= Panormo family =

Family of Italian luthiers and violin makers

Panormo is the name of an important Italian family of violin makers, resident originally in Palermo, later in Naples, Paris, Dublin and, for years, in London. Described as "amongst the most celebrated violin makers to ever have worked in London", they are famous for introducing the Stradivari style of violin-making to England. The family name was originally Trusiano, but the additional appellation “Panormo”, meaning “of Palermo”, was adopted in the 18th and 19th centuries. The earliest recorded member of the Panormo family was Gaspare Trusiano Panormo, whose label is found in an early 18th-century double bass.

Vincenzo Trusiano Panormo (1734-1813) was born in Monreale, near Palermo. The family moved to Naples in 1759, and Vincenzo is thought to have studied violin making in Naples with the celebrated Gagliano family of luthiers resident there. From around 1770 to 1789, Panormo worked in Paris as a violin maker. At the start of the French Revolution, he moved for several years to Dublin, where he worked with Thomas Perry, and then to London where he crafted instruments until his death in 1813.

Historians note Panormo, although his training was largely in Italy and France, as one of the finest English violin makers. His violins show strong influences of Stradivarius and Amati. Many of the traditional accounts of Panormo's life say that he spent some time working in Cremona for the Bergonzi family. Although no documentary evidence has been found, there is a strong stylistic link between them. The influence of this great master on the London makers of the time, and those that followed, is enormous. Panormo was responsible for introducing the Cremonese style into London. He was also the father of Joseph and George Panormo, important luthiers in their own right, as well as the guitar maker Louis Panormo.

Joseph Panormo (1768-1837), the second son of Vincenzo Panormo, trained in his father’s shop, where he worked until he opened his own shop in around 1801. Maintaining his father’s style and careful attention to detail, he continued to follow the Stradivari model. He rarely signed his work, but several violins currently accepted as Vincenzo's work have been found to be monogrammed ‘JP’ on the interior. He continued to make violins, violas, and cellos of very high quality until at least 1830.

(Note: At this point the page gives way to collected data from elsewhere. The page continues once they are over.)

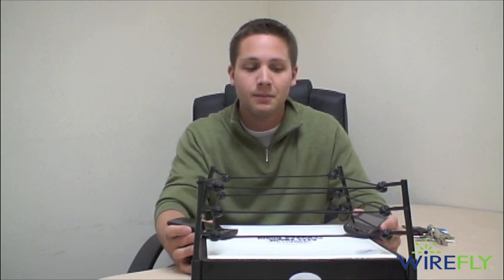Hey there, I'm Ari from Wirefly.com and welcome back to the Wirefly Cell Phone Smackdown Ring. Today it is the Palm Pixie Plus versus the Palm Pre Plus. Both these phones are on Verizon's network and are the updates to the original Palm Pre and Pixie that we find on Sprint's network. They do have a few upgraded features that add that plus sign to them.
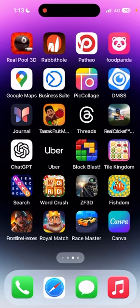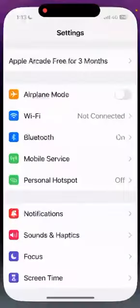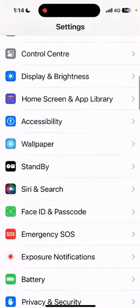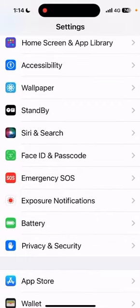To enable battery saver mode, first we need to go to the Settings options. Here you can see the settings options of the phone, where we have to find the Battery section. Here is the Battery section.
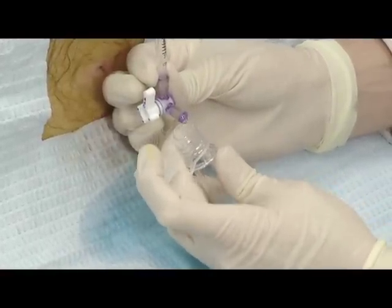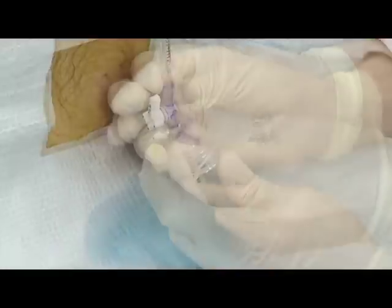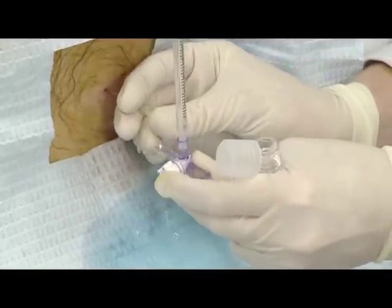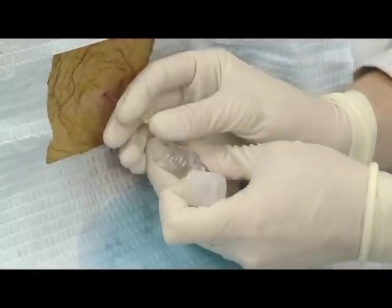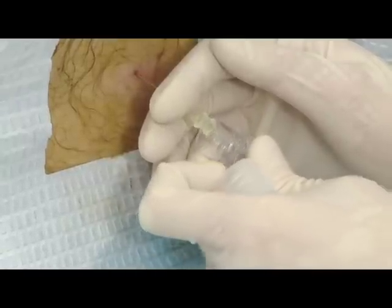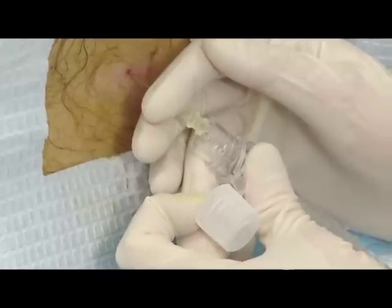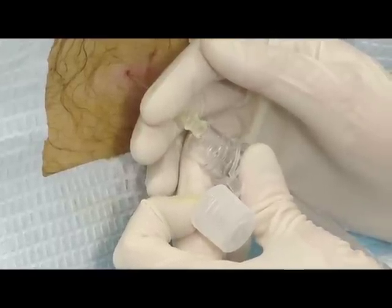Hold the first collection tube beneath the manometer to catch the CSF that will be initially expelled from the device. Detach and set aside the manometer and allow the fluid to drip directly into each tube. Collect fluid in each of the four tubes, at least three to four cc's in each tube, unless cytology is indicated, in which case at least five cc's is required for best results.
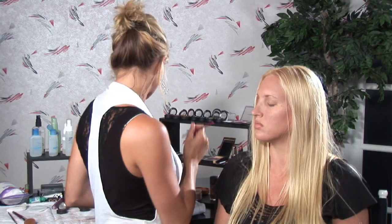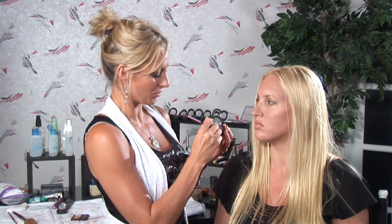The third color is going to be your darkest color, and that is going to go in the crease of your eye. I'm going to select this nice dark plum that I have, and I'm going to apply it with an angled brush, right in her crease.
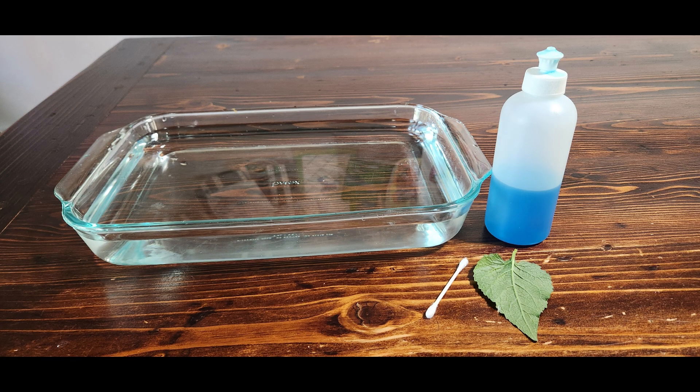In our super quick experiment today, all you need is a dish of water, a leaf, a Q-tip, and some soap.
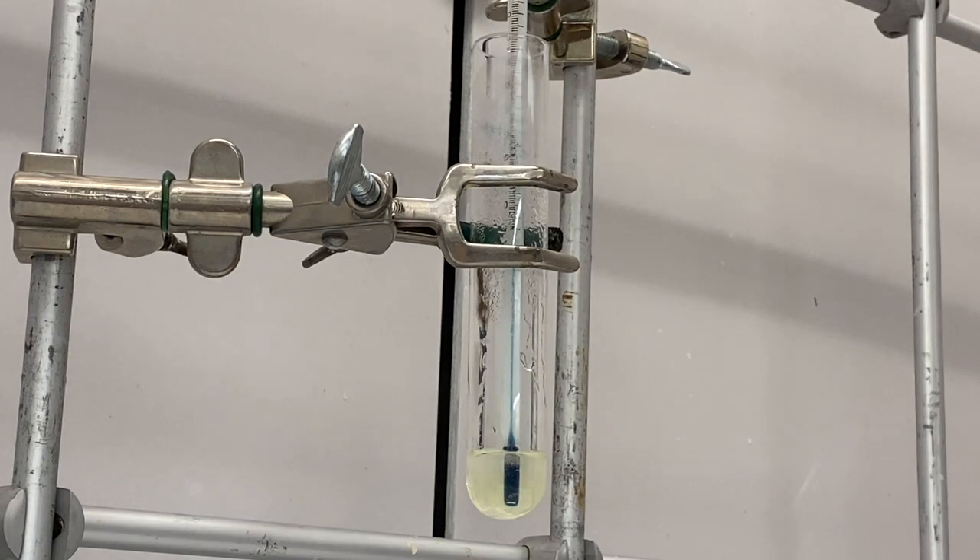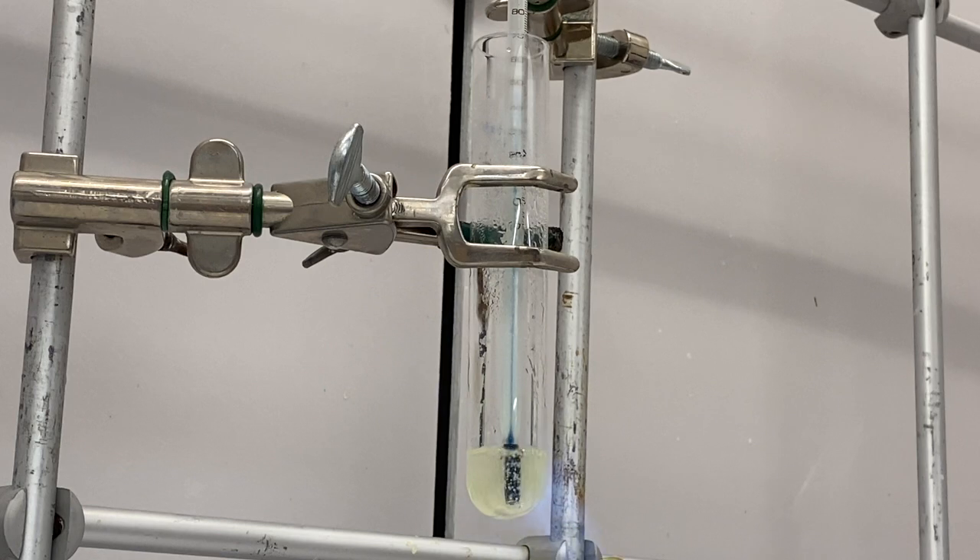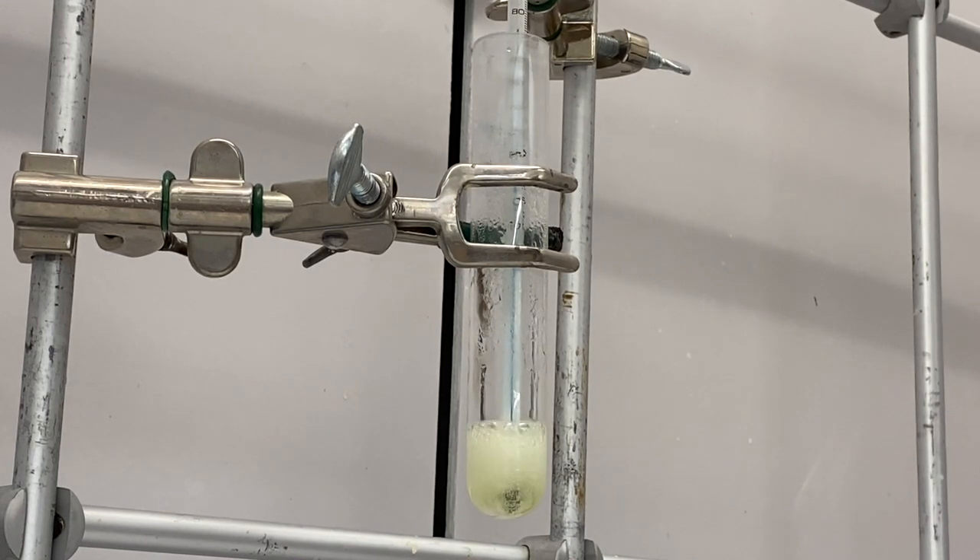We're going to heat this to between 110 and 130°C with the goal of driving off the water. You'll be able to tell the water is gone when you're around 100 to 110 degrees and you don't see any more bubbling. The triethylene glycol has a really high boiling point — it won't boil at 100 degrees — but water boils at 100 degrees, so all this bubbling is because there's still water in the solution.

George Panormo (1776-1852), born in Paris, was the third son of Vincenzo Panormo. Trained by Vincenzo, he largely worked alongside his father in their shop until Vincenzo's death in 1813, and is thought to have assisted in making many instruments attributed to Vincenzo, though his signed work is rare. His style is similar to Vincenzo's late work and his instruments are often hard to distinguish from those of his father. His workmanship is of high quality: his finest work, often ascribed to the period 1802-1808, is described as "elegant" and "gloriously built".